Seventeen years ago, Kristi Perez discovered that foster kids were receiving little support once they aged out of the system. She heard that once they turned 18, they were given a trash bag for their belongings, wished good luck and sent out into the world. After digging into the research, she discovered that 8% of former foster youth go to college and only 3% graduate.
Inspire Life Skills Training was founded with the goal of preparing these youth to transition to adulthood and break the cycle of poverty and broken homes. Girls in foster care are 6 times more likely to have a child before the age of 21 and 70% of all state penitentiary inmates have spent time in foster care, according to Perez.
“There was no proactive program to deal with this and I wanted to create something that included mentoring and education,” Perez said. “I quickly realized that housing had to be a component.”
In 2005, Inspire Life Skills training opened its first house in Riverside for emancipated foster youth. Housing has since grown to 5 locations to meet the need of the region. Youths provided with housing assistance receive life skills training as well as education and employment support. Participants live independently, pay a nominal rent, attend college and work part-time. They also receive counseling, healthcare access and mentoring. The average stay of participants is two years.
Program participants must be emancipating out of foster care or choosing to stay in care under AB12, be homeless youth without family support, enter the program before they are 22 years old and have a high school diploma or GED.

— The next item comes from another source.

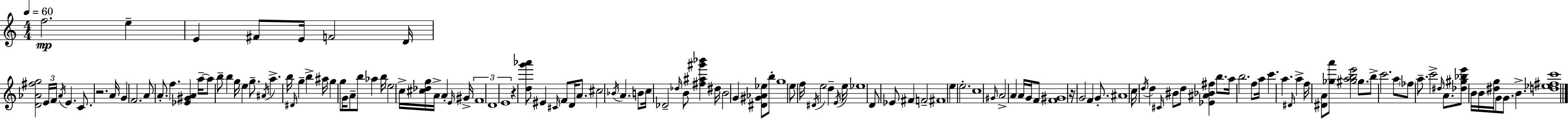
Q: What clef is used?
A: treble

“Our program gives them stable housing to get out of “fight or flight” mode and start thinking about their goals whether that is a two-year degree or a certificate,” Perez said. “Our goal is for them to be able to support themselves.”
Students who receive this level of support are poised to achieve their goals, according to Perez. One student, Ashley was attending Norco Community College while struggling with homelessness. Inspire Life Skills Training offered her a place in their Corona house, where she found support for 2.5 years. Ultimately, Ashley got a scholarship to attend University California at Berkeley. As well as being a strong academic, Ashley also worked hard on personal growth and character development, which is equally important, Perez said.
Recently, Inspire Life Skills Training received a Women’s Giving Fund grant through the Inland Empire Community Foundation. The organization depends on support from the community to provide additional services to its participants. Currently, the organization is seeking support to take youths in its program to its first weekend retreat since the COVID-19 pandemic.
The organization is also always seeking mentors to offer additional support to program participants. It is an approximately six-hour-a-month commitment and can be very rewarding. Many of the mentors feel they learn more from their mentees than they teach, Perez said.
Inspire Life Skills Training is also in need of people willing to donate their services. This includes mechanics. The program offers participants a savings match program to help them buy their first car, which often needs work. Anyone who could provide support through in-kind services is welcome to inquire about how they can help including dentistry, printing, or any other service that could help young people working toward independence.
“These kids didn’t do anything wrong,” Perez said. “It was their parents’ choices that put them in this position. They deserve the opportunity just like any youth to build opportunities and have safe housing.”